WORLD WAR II WAS RAGING throughout the South Pacific the day I drove my Jeep toward a little airstrip deep in the hot, steamy jungles of Nadzab, New Guinea. That was to be a day of serious preparation for reentering combat as a fighter pilot. It was also going to be the first of many days the Lord would use to prepare and preserve me for the work He had planned. The Nadzab airstrip had been laid out along the Markham Valley between the mountains of the Owen Stanley Range, where all pilots and combat crews took familiarization flights before going into combat.
Nadzab was secure, but most of the island was still held by the Japanese, and our daily missions consisted of dive-bombing and strafing targets in and around Wewak and Rabul. Other planes involved in these missions were the B–24 and B–25 bombers, together with P–47 and P–51 fighters. Of course I was overjoyed as my Jeep pulled up in front of the choice of almost every young pilot I knew, the world-famous Lockheed P–38, the fastest fighter in the world!
My heart beat with anticipation that morning as I approached the primitive hut we called the Operations Center. Fifth Air Force Fighter Command in the Philippines had just assigned me to fly P–38s with the Forty-ninth Fighter Group! It was a dream come true! After years of longing to fly America’s number one fighter plane, today I would make my solo flight in the P–38!
There were no P–38 instructors at this advanced combat staging area, so we were given tech orders for the plane and told to study them until we were ready to fly. My good friend Bill Hamilton was also transferring to fighters and joined with me as we took the tech manuals and studied them all morning. By one o’clock we felt ready to give it a try, so we drove back to the strip and declared to the major that we were ready to go. He pointed to two beautiful P–38s parked in front of Operations and said, “Take ’em up, and from here on you are on your own!” That was our formal training for combat flying in the P–38.
I started the two powerful Allison engines and taxied onto the runway, pushed the throttles forward, and held the brakes until the plane vibrated into full power. When I released the brakes, the plane shot down the runway and up into the New Guinea sky. I was weeping for joy as I looked out and saw those beautiful blue-and-white Air Force markings on the wing and realized my dream had come true. This had to be one of the greatest days of my life as a pilot, for nothing had been more important to me than serving my country and flying that P–38.
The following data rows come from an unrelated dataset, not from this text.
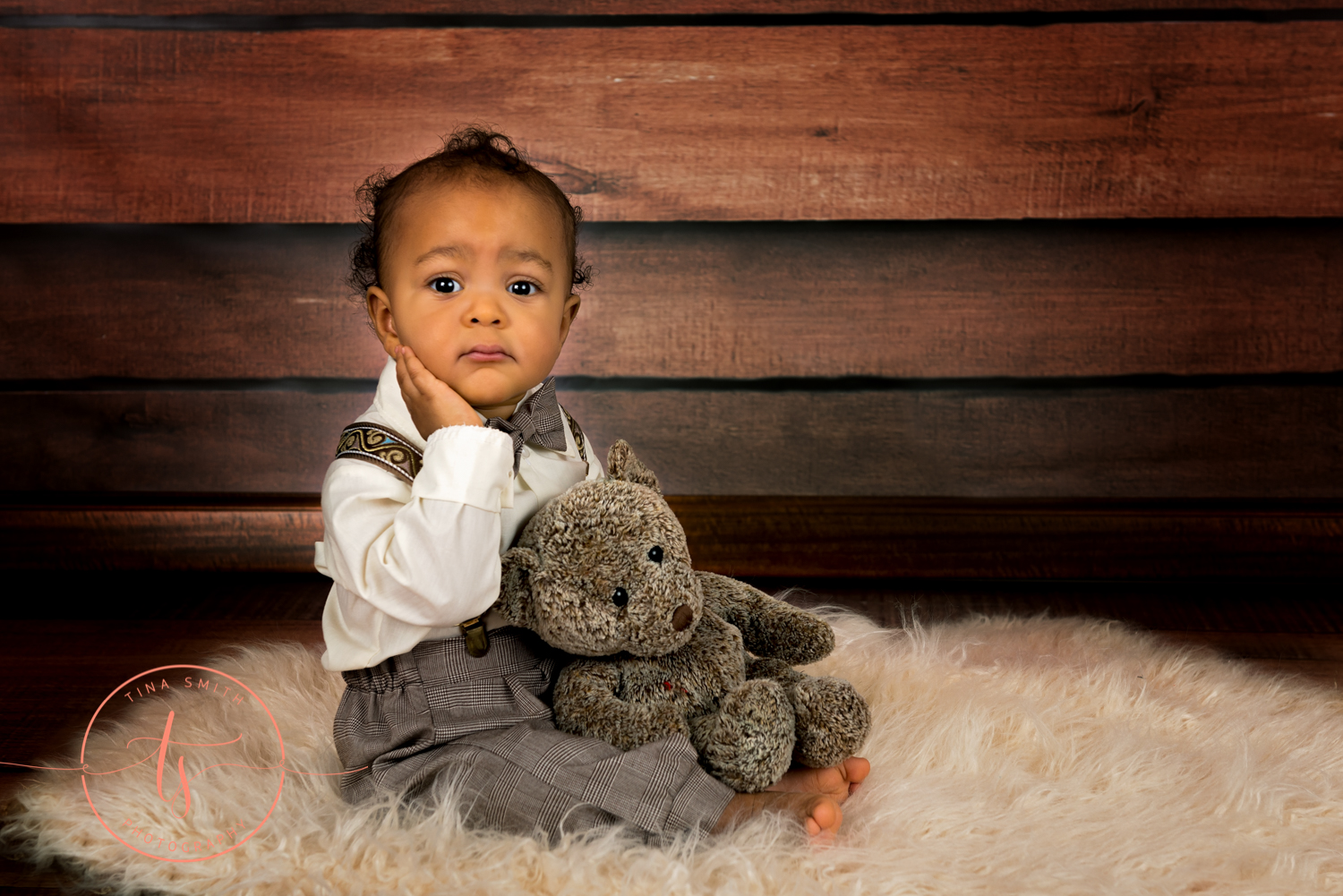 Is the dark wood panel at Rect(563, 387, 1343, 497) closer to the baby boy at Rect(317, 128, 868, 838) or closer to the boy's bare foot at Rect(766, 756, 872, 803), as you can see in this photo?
the baby boy at Rect(317, 128, 868, 838)

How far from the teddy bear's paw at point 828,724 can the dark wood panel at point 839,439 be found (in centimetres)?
90

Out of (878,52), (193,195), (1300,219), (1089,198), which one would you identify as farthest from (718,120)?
(1300,219)

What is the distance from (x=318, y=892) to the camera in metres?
0.70

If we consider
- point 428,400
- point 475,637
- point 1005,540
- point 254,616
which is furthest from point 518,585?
point 1005,540

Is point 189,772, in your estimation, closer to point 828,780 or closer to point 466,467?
point 466,467

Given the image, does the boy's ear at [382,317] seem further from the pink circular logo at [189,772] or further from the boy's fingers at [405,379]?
the pink circular logo at [189,772]

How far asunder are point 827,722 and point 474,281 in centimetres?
47

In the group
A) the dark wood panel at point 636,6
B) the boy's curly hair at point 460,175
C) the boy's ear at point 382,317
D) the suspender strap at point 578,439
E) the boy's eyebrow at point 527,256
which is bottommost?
the suspender strap at point 578,439

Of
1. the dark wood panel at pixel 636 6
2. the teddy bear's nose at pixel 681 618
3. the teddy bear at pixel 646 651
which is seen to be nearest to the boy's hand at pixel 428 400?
the teddy bear at pixel 646 651

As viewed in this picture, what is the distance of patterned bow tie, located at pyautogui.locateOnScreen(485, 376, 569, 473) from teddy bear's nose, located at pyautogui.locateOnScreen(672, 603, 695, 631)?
0.21 m

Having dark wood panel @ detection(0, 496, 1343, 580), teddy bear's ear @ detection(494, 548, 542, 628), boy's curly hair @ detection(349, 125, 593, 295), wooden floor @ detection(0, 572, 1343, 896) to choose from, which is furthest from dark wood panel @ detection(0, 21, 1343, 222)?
teddy bear's ear @ detection(494, 548, 542, 628)

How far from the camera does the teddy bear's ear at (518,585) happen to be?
0.81m

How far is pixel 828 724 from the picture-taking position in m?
0.84

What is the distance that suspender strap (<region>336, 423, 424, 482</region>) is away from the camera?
2.74 ft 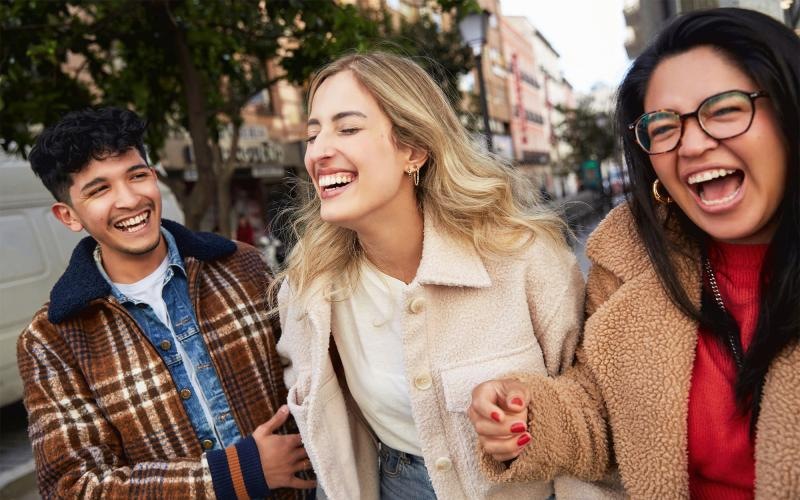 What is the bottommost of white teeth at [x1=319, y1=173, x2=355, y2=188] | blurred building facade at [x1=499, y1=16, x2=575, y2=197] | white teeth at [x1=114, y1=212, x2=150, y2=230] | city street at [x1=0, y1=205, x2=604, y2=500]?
city street at [x1=0, y1=205, x2=604, y2=500]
In the cockpit of my P–38 before a combat missionPhilippines, 1945

A fighter was unlike any of the planes I had flown before. In a fighter you could roll, dive, and loop as you pleased, while as a bomber pilot, it was just straight and level! This was real flying! The plane was easy to handle, and I flew about seventy-five miles over the jungles and the tall kuni grass and began practicing peel-ups in order to be ready to make a real fighter approach when I came back to Nadzab for my first landing. While flying back to Nadzab to land, I dipped down just above the grass, and at 350 MPH, I was impressed to pray, “Lord, when this war is over, and if You spare me to return home, should I do something that would dishonor Your name, I would rather You just cut one of these engines now!” Although that was not the kind of prayer the Lord wanted to hear, I held my breath, for I really meant it! When the field came into view, I crossed the end of the runway, still at 350 mph, and chopped the throttles, pulling up into a climbing 360-degree turn to kill off speed and put down my wheels and flaps. Twenty seconds later, after an approach that was almost a loop, I touched down in what would always be my favorite airplane, the P–38. I was thrilled speechless. I had just flown America’s number one fighter!
A Never-to-Be-Forgotten Emergency!
One week later on March 15, 1945, a day I will remember forever, God in His great mercy preserved me in spite of my inexperience and mistakes in flying. On that day I had gone to the Operations Center to check out my plane for additional transition in preparation for combat. I needed to cram in as much flight training as possible in order to be ready to join the fighter group that had invited me to fly with them. It was another beautiful morning, and I can still see my plane poised and ready for flight. The sergeant informed me that my plane had been outfitted for combat, and the four fifty-caliber machine guns and the twenty-millimeter canon were fully armed. As I climbed up on the wing to get into the cockpit, I also saw two five-hundred-pound bombs hanging under the wing. Since the combat mission had been cancelled, the sergeant told me to jettison the bombs in the river after takeoff. His last remarks were, “Oh, by the way, pay no attention to that left fuel gauge—it doesn’t work.”
I would soon discover that this flight would be one of the most exciting and nerve-racking of my short life! The takeoff was routine, and as I soared higher and higher through the light, fluffy clouds that usually turned into rain in the afternoon, the peaks of the Owen Stanley Range came quickly into focus. Today I planned to practice flying with one engine dead. I shut down the right engine and began flying on the left one, with one propeller feathered. I had been practicing single-engine procedures for about forty-five minutes when a string of P–47s and P–51s cut in front of me and pulled up into what we called a “rat race” or a game like follow-the-leader. I decided to get in on the fun so restarted the dead engine and pulled hard on the controls to join in with them. Suddenly my plane made a violent roll to the left. I thought that sudden maneuver had been caused by one of the combat flaps failing to come down. Since the plane had flown smoothly on one engine with one prop feathered, I just did not associate this problem with a dead engine. However, I knew I was in big trouble!
I was too far from my home field to return, so I pulled the nose up to climb over the mountains and to attempt an emergency landing on the other side at Lae, New Guinea, an Australian field. As I struggled to maintain control of the plane, I remembered that Lae was the last airfield from which the famed aviatrix Amelia Earhart had flown before disappearing during her attempt to fly around the world.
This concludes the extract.